The other common use of the same types of Python functions is when trying to make sense of a set of computational experiments. It’s not uncommon to have run a program on a large number of data sets. Each time your program runs it might produce a number of outputs, perhaps including just some log files originally designed more with debugging than with reporting in mind. You know need to create a table of results or some figures from these to include in your journal paper. Again Python can be used to both process all of the text input files and to produce a nicely formatted output (for example via LaTeX or HTML)

Regular Expressions

When dealing with text files, regular expressions are your friend. They form a mini-language of their own for expressing string patterns. Regular expressions are not unique to python, with relatively similar syntax used in a variety of tools (particularly in linux/unix). The regular expression documentation gives all the details, but to get you started the string r"^[abc]\d*" would match any line that

• is at the start of a line (as incdicated by the ^)
• has one of the characters in the set {‘a’,‘b’,‘c’} (written as “[abc]") first
• is followed by zero or more digits “\d” = digit, * means “zero or more”, you could use “+” for “one or more”
• the string is written as a raw string (r"") to make sure that “" is not interpreted as an escape character - since regular expressions make frequent use of the backslash
• it is also particularly useful and easy to mark a substring as a group. For example r"([xyz]+)\1" means that we have a group consisting of one or more characters in {x,y,z} followed by the same group (group 1) repeating a second time.
• import re to get the library, then use re.search(pattern,string) to find a pattern in the given string, re.search(pattern,string).group(1) would give the substring of the first group in the time the pattern was matched (if the pattern was found at all).

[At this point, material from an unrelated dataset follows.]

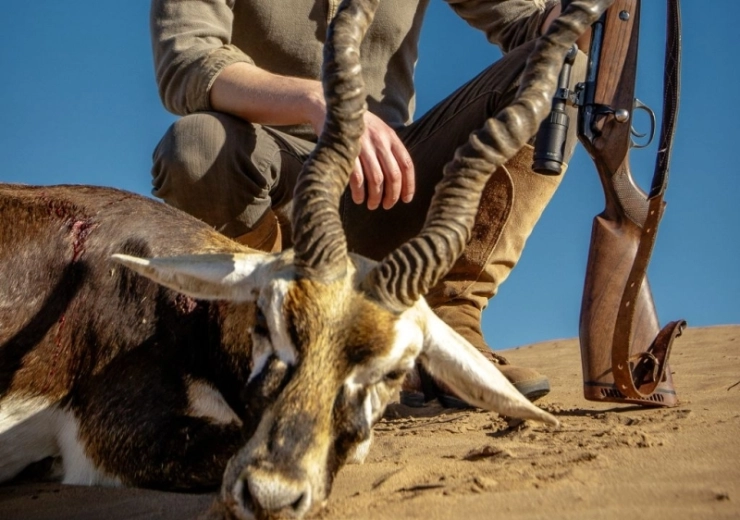 The Thrill of Blackbuck Antelope Hunting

Regular expression testing

To test your skills at writing regular expressions, try the following exercises:

import re
def testre(regex,string):
"Simple test function to print all matches of a regular expression in a string"
matches = re.findall(regex,string)
print("%d:"%len(matches),";".join(matches))
return matches

testre(r"INSERT_HERE", # insert regular expressions to find any capitalised words with 2 letters or more
"""Some words, like Australia I know, have Capital letters, see Figure 3 for more"""
)# should find 4: Some;Australia;Capital;Figure
testre(r"INSERT_HERE", # outer LaTeX environments: \begin{somename}up to\end{somename}
r"""\begin{enumerate}\item
\end{enumerate}\begin{nested}\begin{env}\end{env}\end{nested}
\begin{test}\end{fail}  \begin{array}1 & 2\\3 & 4 \\end{array}
""") # should find 3: enumerate;nested;array  the test/fail pair is incorrect and not to be matched
[float(f) for f in
testre(r"INSERT_HERE",
# find floating point numbers (including integers and scientific notation)
"15.3 - -100 1.2e-03  NaN 1ee4 +2E+6 ")  # 7: 15.3;-100;1.2e-03;NaN;1;4;+2E+6
] # output 15.3, -100.0, 0.0012, nan, 1.0, 4.0, 2000000.0]

4: Some;Australia;Capital;Figure
3: enumerate;nested;array
7: 15.3;-100;1.2e-03;NaN;1;4;+2E+6

[15.3, -100.0, 0.0012, nan, 1.0, 4.0, 2000000.0]

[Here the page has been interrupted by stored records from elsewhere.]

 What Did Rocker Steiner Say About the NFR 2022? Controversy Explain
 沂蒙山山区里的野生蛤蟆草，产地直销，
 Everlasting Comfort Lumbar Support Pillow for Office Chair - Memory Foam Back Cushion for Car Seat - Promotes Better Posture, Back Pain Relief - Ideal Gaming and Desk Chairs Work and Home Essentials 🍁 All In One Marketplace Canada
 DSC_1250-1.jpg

Project: Report on Research Collaboration in a Department

The aim of this exercise is to write a small report on the level of research collaboration, as indicated by co-authorship of papers, that is happening within a department at Monash. This might be the School of Mathematics, but feel free to pick any school.

Find all Staff

First we want to find a list of all people in the school. This can be done fairly easily by looking at https://reasearch.monash.edu.en/organisations/school-of-mathematics/persons/ (insert the name of whatever department you want instead of school-of-mathematics here. Note that there may be multiple pages of people. You can get each of these by changing the URL to end with .../persons/?page=i where $i=0,1,2,…$ depending on how many pages the school has (until you don’t get any more people).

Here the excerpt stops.